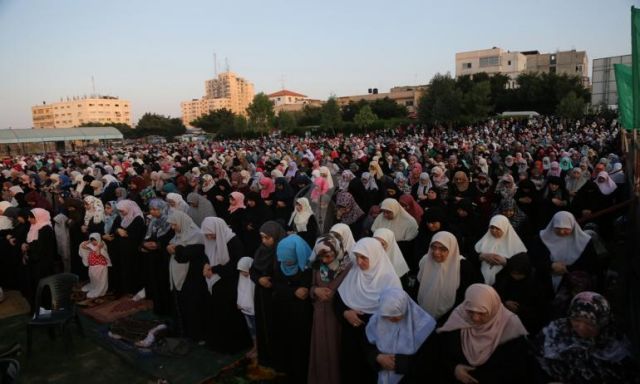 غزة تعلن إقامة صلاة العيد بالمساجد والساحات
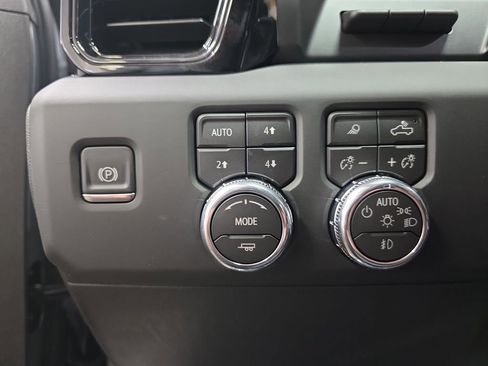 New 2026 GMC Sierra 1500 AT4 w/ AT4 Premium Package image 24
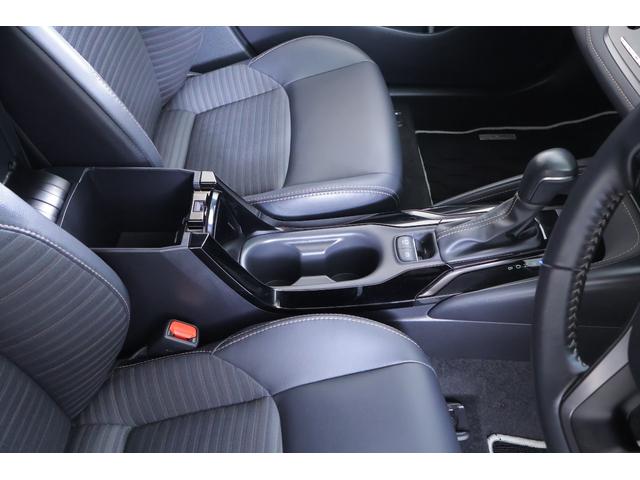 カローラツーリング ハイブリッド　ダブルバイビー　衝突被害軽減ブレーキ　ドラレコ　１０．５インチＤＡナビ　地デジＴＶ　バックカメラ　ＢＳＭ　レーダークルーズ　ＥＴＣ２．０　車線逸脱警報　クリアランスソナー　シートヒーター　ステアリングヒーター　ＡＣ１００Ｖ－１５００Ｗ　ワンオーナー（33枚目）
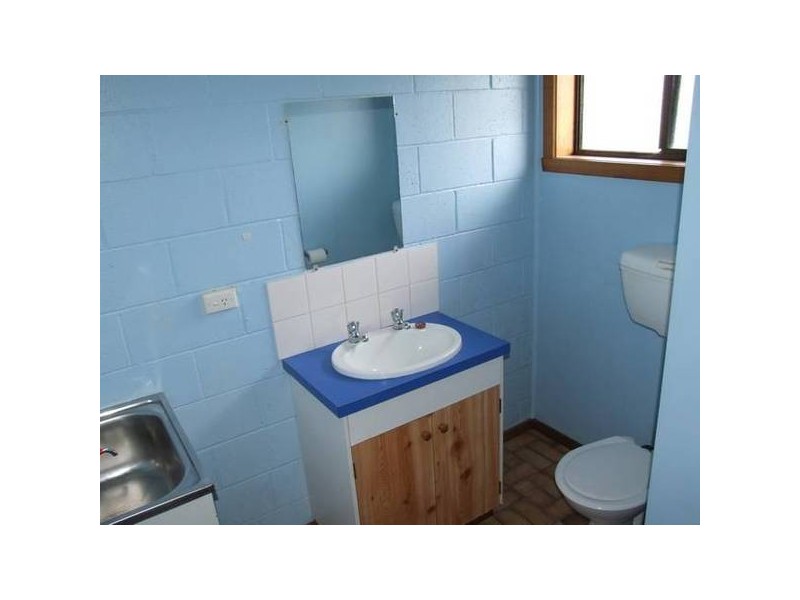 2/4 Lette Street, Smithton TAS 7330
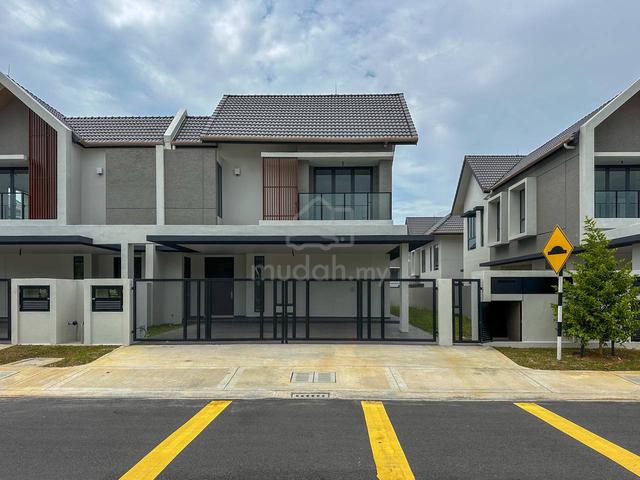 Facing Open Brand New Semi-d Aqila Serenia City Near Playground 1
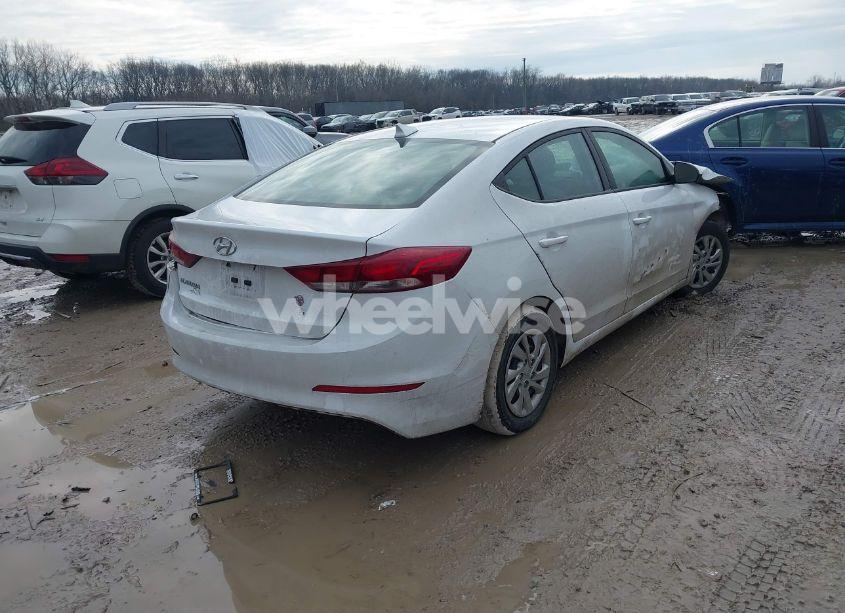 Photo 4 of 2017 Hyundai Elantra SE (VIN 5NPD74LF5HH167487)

* * *

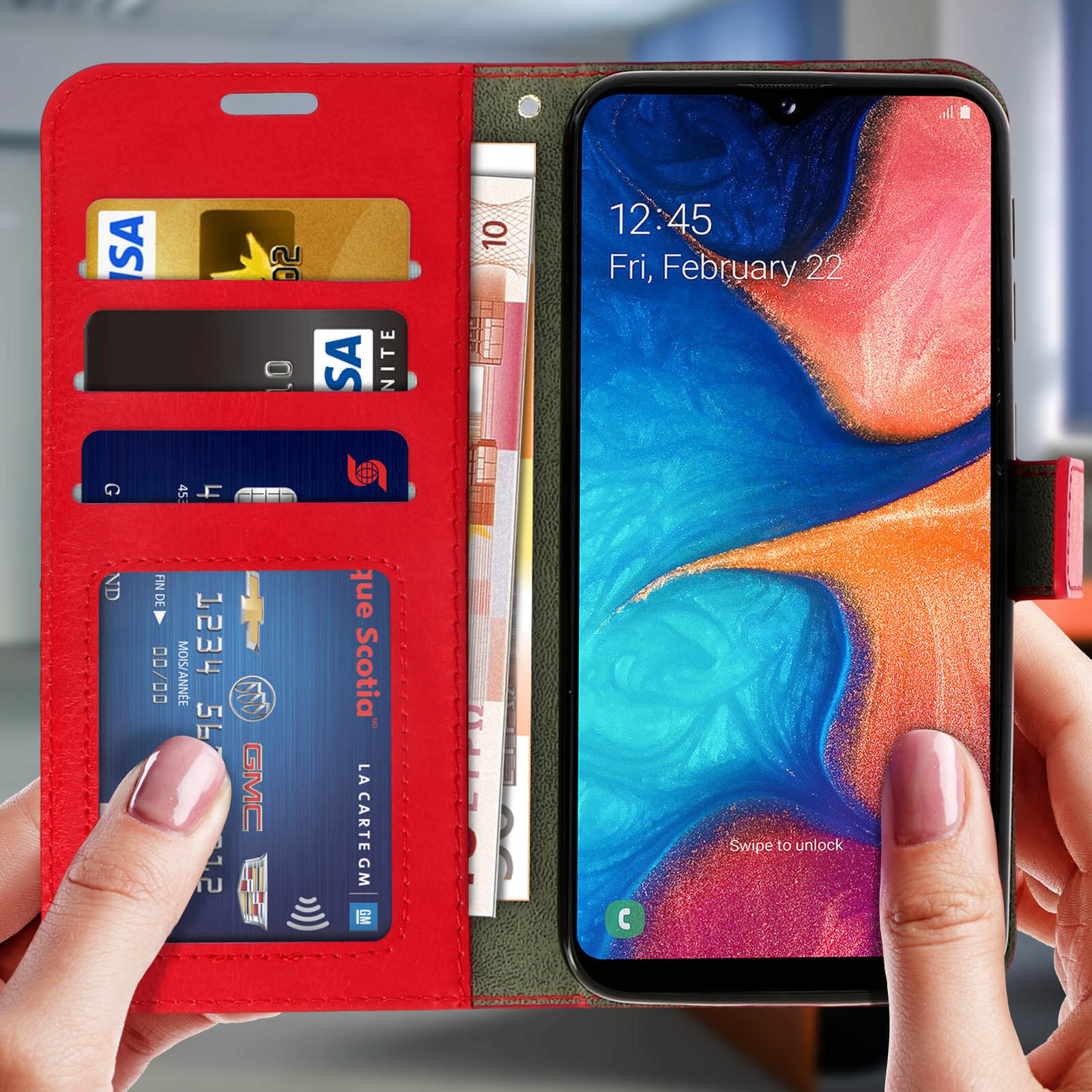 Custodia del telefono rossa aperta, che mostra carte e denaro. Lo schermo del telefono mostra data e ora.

Activity -
Reproduce word for word, with pictures dropped, only the part of the material above that opens with the line containing "غزة تعلن إقامة صلاة العيد بالمساجد والساحات" and closes with the line containing "Photo 4 of 2017".

The completed task -
 غزة تعلن إقامة صلاة العيد بالمساجد والساحات
 New 2026 GMC Sierra 1500 AT4 w/ AT4 Premium Package image 24
 カローラツーリング ハイブリッド　ダブルバイビー　衝突被害軽減ブレーキ　ドラレコ　１０．５インチＤＡナビ　地デジＴＶ　バックカメラ　ＢＳＭ　レーダークルーズ　ＥＴＣ２．０　車線逸脱警報　クリアランスソナー　シートヒーター　ステアリングヒーター　ＡＣ１００Ｖ－１５００Ｗ　ワンオーナー（33枚目）
 2/4 Lette Street, Smithton TAS 7330
 Facing Open Brand New Semi-d Aqila Serenia City Near Playground 1
 Photo 4 of 2017 Hyundai Elantra SE (VIN 5NPD74LF5HH167487)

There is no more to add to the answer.